Moreover, if the public has turned against public sector unions in general, that may be because public sector unions have caused financial disaster in so many places. The state of California is in a permanent financial disaster. Several California cities have gone bankrupt, while others including Los Angeles will go bankrupt over the next few years. Detroit is a basket case and other city governments in Michigan have been taken over by the state after being unable to meet obligations. Numerous other cities and states around the country are heading for disaster or taking drastic action to balance budgets. The common thread in every single case is that the government is spending more than it can afford on pay and pensions for its unionized employees. Everybody, even liberals can see that if you spend too much on that, you have to cut spending elsewhere. Everybody, even the smarter liberals, knows that higher taxes won’t solve the problem. (Many of the disaster areas such as Detroit and California have some of the nation’s highest taxes.) The public demand that something be done to stop the public sector unions before they ruin yet more states and cities is entirely logical. Who would want their city to end up like Stockton?

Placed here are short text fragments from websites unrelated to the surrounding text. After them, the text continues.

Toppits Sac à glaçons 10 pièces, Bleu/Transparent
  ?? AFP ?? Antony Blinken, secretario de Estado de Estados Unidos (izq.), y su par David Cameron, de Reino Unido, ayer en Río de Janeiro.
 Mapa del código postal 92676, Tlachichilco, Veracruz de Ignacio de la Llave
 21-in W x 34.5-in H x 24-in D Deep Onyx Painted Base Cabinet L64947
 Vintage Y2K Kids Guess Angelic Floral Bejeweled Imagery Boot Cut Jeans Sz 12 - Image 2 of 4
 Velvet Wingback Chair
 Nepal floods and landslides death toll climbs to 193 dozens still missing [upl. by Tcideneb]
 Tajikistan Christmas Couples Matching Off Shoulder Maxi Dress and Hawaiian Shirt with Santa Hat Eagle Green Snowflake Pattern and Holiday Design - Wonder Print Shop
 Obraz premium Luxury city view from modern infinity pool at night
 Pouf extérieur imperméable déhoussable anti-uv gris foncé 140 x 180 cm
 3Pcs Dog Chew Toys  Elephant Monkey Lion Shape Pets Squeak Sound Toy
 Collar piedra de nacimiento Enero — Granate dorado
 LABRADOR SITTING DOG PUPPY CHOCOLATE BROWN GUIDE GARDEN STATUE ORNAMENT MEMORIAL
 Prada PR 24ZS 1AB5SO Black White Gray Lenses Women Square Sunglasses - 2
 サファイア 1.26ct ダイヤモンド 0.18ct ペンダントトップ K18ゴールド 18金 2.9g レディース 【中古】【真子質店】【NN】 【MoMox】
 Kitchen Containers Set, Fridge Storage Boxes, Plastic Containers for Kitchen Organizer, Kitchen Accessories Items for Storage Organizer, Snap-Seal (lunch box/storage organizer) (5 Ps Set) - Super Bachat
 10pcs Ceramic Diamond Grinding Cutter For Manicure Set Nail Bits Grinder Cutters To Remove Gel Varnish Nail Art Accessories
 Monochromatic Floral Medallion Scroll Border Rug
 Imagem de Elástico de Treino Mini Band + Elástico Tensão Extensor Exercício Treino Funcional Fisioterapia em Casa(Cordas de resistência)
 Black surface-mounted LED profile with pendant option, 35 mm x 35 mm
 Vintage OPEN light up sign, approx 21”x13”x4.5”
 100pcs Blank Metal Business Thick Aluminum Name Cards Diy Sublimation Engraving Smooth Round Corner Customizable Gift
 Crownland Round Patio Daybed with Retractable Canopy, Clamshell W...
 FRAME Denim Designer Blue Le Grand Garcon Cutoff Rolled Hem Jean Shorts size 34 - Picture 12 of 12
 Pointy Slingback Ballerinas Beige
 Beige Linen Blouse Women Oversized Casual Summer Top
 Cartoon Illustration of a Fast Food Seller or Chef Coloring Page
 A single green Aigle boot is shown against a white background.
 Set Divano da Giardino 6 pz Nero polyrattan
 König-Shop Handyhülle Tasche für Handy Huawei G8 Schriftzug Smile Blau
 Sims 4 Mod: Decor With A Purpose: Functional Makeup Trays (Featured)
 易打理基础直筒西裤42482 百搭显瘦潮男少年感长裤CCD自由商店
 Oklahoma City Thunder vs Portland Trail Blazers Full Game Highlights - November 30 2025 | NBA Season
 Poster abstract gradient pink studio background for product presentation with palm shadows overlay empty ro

It’s my understanding that the NEA has been around for 150+ years. And that least by mid-20th century the majority of teachers were unionized. Do you have a cite for the claim that the great public education system of “a couple of generations ago” was non-union?

And the union folks are all ‘Wahhhh, I don’t have a job any more because the cost of my labor caused the business to move to a place where they can afford to hire people. Wahhhhhh!’ Why don’t the workers just move?

Believing that the union can dictate wages and benefits without consequences is rather quaint. It doesn’t work that way anymore, companies will just move.

Unions served a valuable purpose at one point. These days, as far as I can tell, they do more harm than good.

Slee

An aside, I have worked with some union folks in my present job and it sucks. Not because the employees are bad but because of the rules foisted upon the workers by the union. Want to move a piece of equipment 5 feet that weighs 20 pounds and will take 2 minutes? Can’t do that, there is a guy who is supposed to do that and doing it yourself would break the rules. So, call the guy and wait an hour or so until he shows up. In the mean time, sit back and relax because you can’t do anything else until the guy who has to move the equipment shows up. Seriously.